Are You Easily Distracted? Attention Management Can Help
Your attention determines the experiences you have, and the experiences you have determine the life you live. Or, said another way: you must control your attention to control your life. Today, in a world where so many experiences are blended together—where distraction is rarely more than a few minutes away—has that ever been more true?
However, it’s possible to develop and strengthen good attention management skills. By managing your attention, you are more readily able to increase your productivity, and to focus on the things in life that matter the most to you.
Control Your Technology
The first step to keep you from getting easily distracted is to control your technology. Remember that we purchase our technology tools for our convenience, not so everyone in the world can interrupt us at any time! Start by turning off those notifications. As often as possible and especially when you’re working, keep your phone silent and out of sight. Constant alerts and notifications have accustomed you to distraction, and this is chipping away at your attention span, your patience, and your ability to apply your brain power in a meaningful way.
Control Your Environment
Second, you have more control over your environment than you might think, and it’s time to exercise some of that control.
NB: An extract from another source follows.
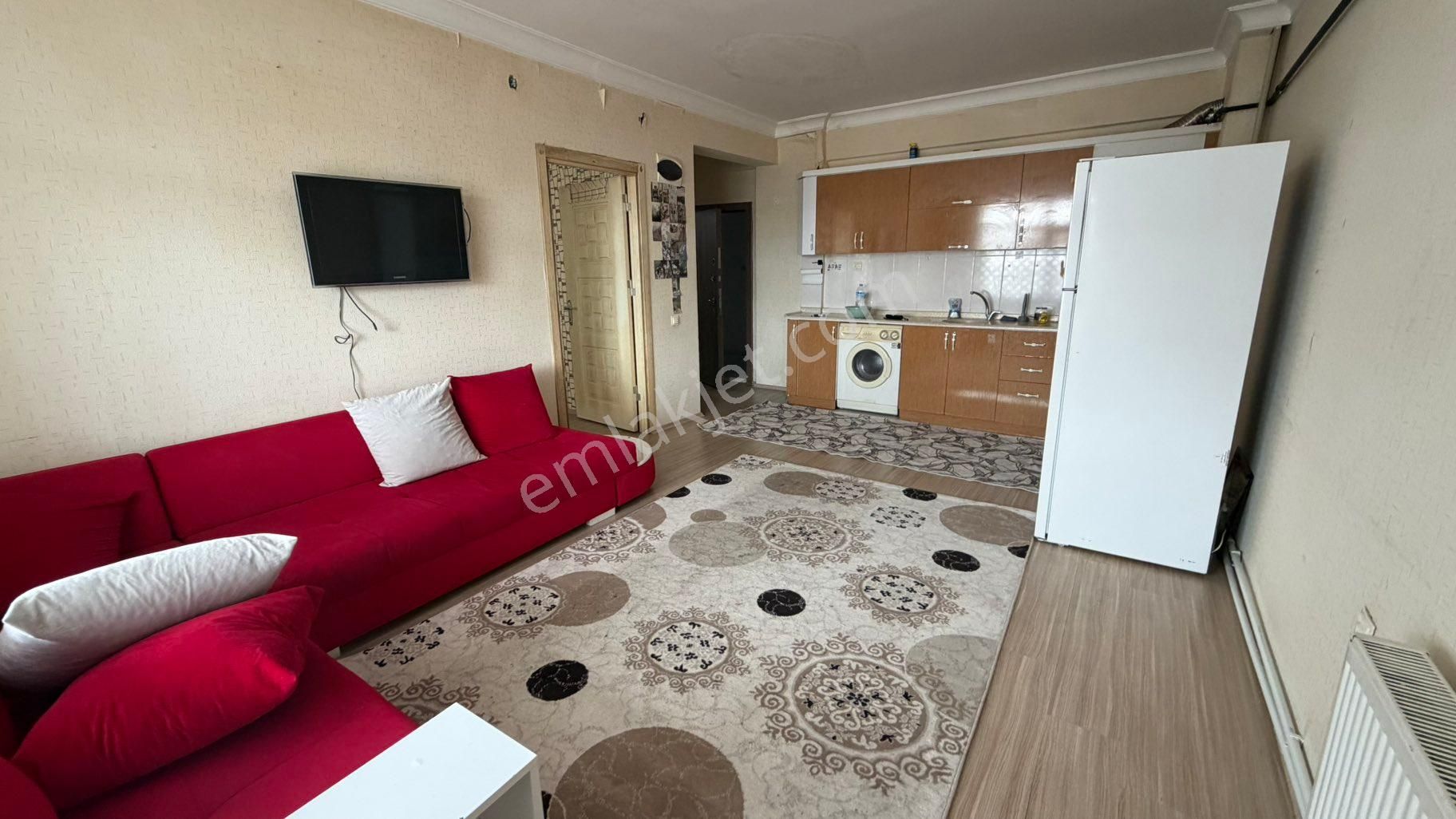 Kosova Mah Kiralık 1+1 Eşyalı Kiralık Daire Servis Güzergahı Üzerinde Anıl Emlak Gayrimenkul Den - Görsel 2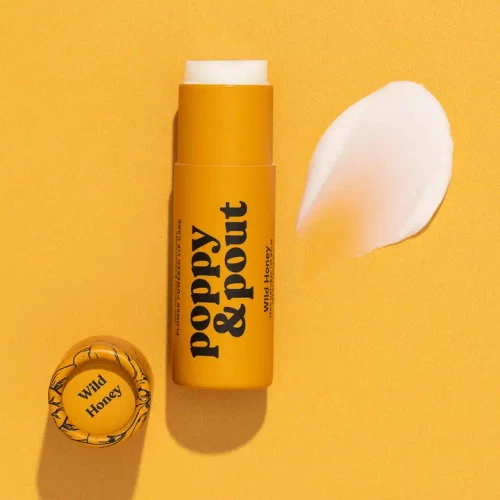 Poppy & Pout Lip Balm - Wild Honey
Even if you work in an open-office setting, you can set some boundaries. For example, find ways to communicate to coworkers when you don’t want to be disturbed. Make a “Do Not Disturb” sign to hang on your office door, the back of your chair, or a cubicle wall when you are trying to focus, so you can get deeply engaged in your work without someone interrupting to ask, “Got a minute?”
To control your environment, you also need to manage clutter. A cluttered workspace is a subtle source of stress, and it means that other work and other issues will be distracting you while you are trying to focus on the task at hand. If your desk is messy, at least put the “mess” in a pile, in a box, or in a folder marked “to process.” This will reduce the chances that the clutter will steal your attention. You can do the same with files cluttering your computer desktop, and use your email inbox for receiving messages, not for storing them.
Control Your Habits
The third part is the trickiest: learning to replace your unhelpful habits. When we get distracted every few minutes all day long, distraction becomes a habit, so that every few minutes we get distracted! You can learn to recognize how often you are being distracted so you can let go of that habit of distraction and improve your focus, your attention span, and your patience.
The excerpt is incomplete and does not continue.